# Predicting GroundState Energy from Coulomb Matrices

This [dataset](https://www.kaggle.com/datasets/burakhmmtgl/energy-molecule) contains ground state energies of 16,242 molecules calculated by quantum mechanical simulations.

The data contains 1277 columns. The first 1275 columns are entries in the Coulomb matrix that act as molecular features. The 1276th column is the Pubchem Id where the molecular structures are obtained. The 1277th column is the atomization energy calculated by simulations using the Quantum Espresso package.

In the csv file, the first column (X1) is the data index.

The dataset was used for a [publication using a tree based ML Framework](https://arxiv.org/pdf/1609.07124.pdf).

## Getting the data

We create a class that inherits from torch's `Dataset` class to create our own dataset object. It must include the three given methods.

In [None]:
import os
import pandas as pd
from torch.utils.data import Dataset, DataLoader
import torch


In [None]:
class GS_from_CM_Dataset(Dataset):
    
    def __init__(self, path_to_data, transform=None):
        
        self.path_to_data = path_to_data
        if os.path.exists(path_to_data):
            self.data = pd.read_csv(path_to_data)
        else:
            raise FileExistsError('No dataset found')
        self.transform = transform

    def __len__(self):
        return self.data.shape[0]

    def __getitem__(self, idx):
        if torch.is_tensor(idx):
            idx = idx.tolist()
        
        energy = self.data.iloc[idx, -1]
        CMat = self.data.iloc[idx, 1:-2]

        return torch.tensor(CMat).to(torch.float), torch.tensor(energy).to(torch.float)

In [None]:
# Using dataloader
dataset = GS_from_CM_Dataset(path_to_data='data/GS_from_CM/GS_from_CM_data.csv')

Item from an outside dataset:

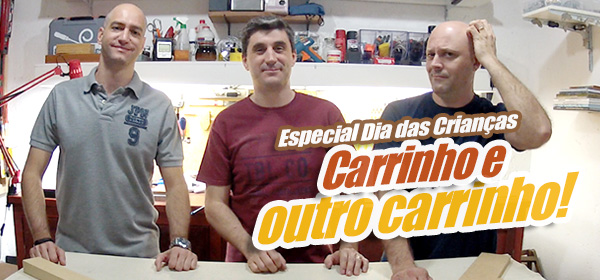 Especial Dia das Crianças 2015 – Carrinhos de madeira banner-home-marcenaria-amadora2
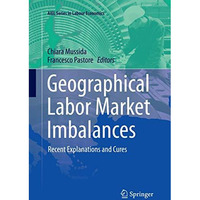 Geographical Labor Market Imbalances: Recent Explanations and Cures [Paperback]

# Just checking that everything works fine
print(len(dataset))
for i in range(5):
    sample_X, sample_y = dataset[i]
    print(i, sample_X.shape, sample_y)

Now we can use the DataLoader function to use the dataset in PyTorch

In [None]:
N_all = len(dataset)

# input_len = dataset[0]['CMat'].shape[0]
input_len = dataset[0][0].shape[0]
batch_size = 32

subset = 1

used_data, _ = torch.utils.data.random_split(dataset, (int(N_all*subset), N_all - int(N_all*subset)))

N = len(used_data)
print(f'Using a subset of {N} data out of {N_all}')

train_data, test_data = torch.utils.data.random_split(used_data, (int(N*0.9), N - int(N*0.9)))

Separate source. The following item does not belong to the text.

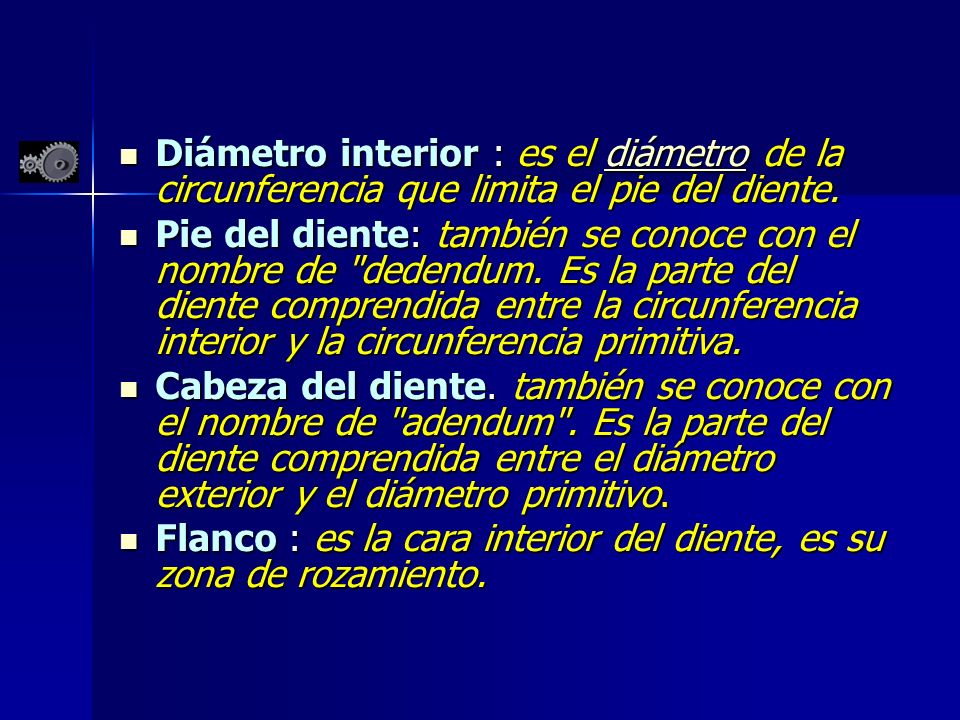 Diámetro interior : es el diámetro de la circunferencia que limita el pie del diente.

train_dataloader = DataLoader(train_data, batch_size=batch_size, shuffle=True)
test_dataloader = DataLoader(test_data)

Now we can start to build our NN.

In [None]:
from torch import nn

class SimpleNN(nn.Module):
    
    def __init__(self):
        super(SimpleNN, self).__init__()
        # The input is a 1275 vector
        self.linear_relu_block = nn.Sequential(
            nn.Linear(input_len, 16, bias=False),
            nn.ReLU(),
            nn.Linear(16, 8),
            nn.ReLU(),
            nn.Linear(8, 1)
            )
    
    def forward(self, x):
        logits = self.linear_relu_block(x)
        return logits.squeeze()
    
    
model = SimpleNN()
model.eval()  # Congelas gradients

# Check if it works
random_result = model(torch.rand(input_len))
print(random_result.shape)
# print(model(next(iter(train_dataloader))[0]).shape)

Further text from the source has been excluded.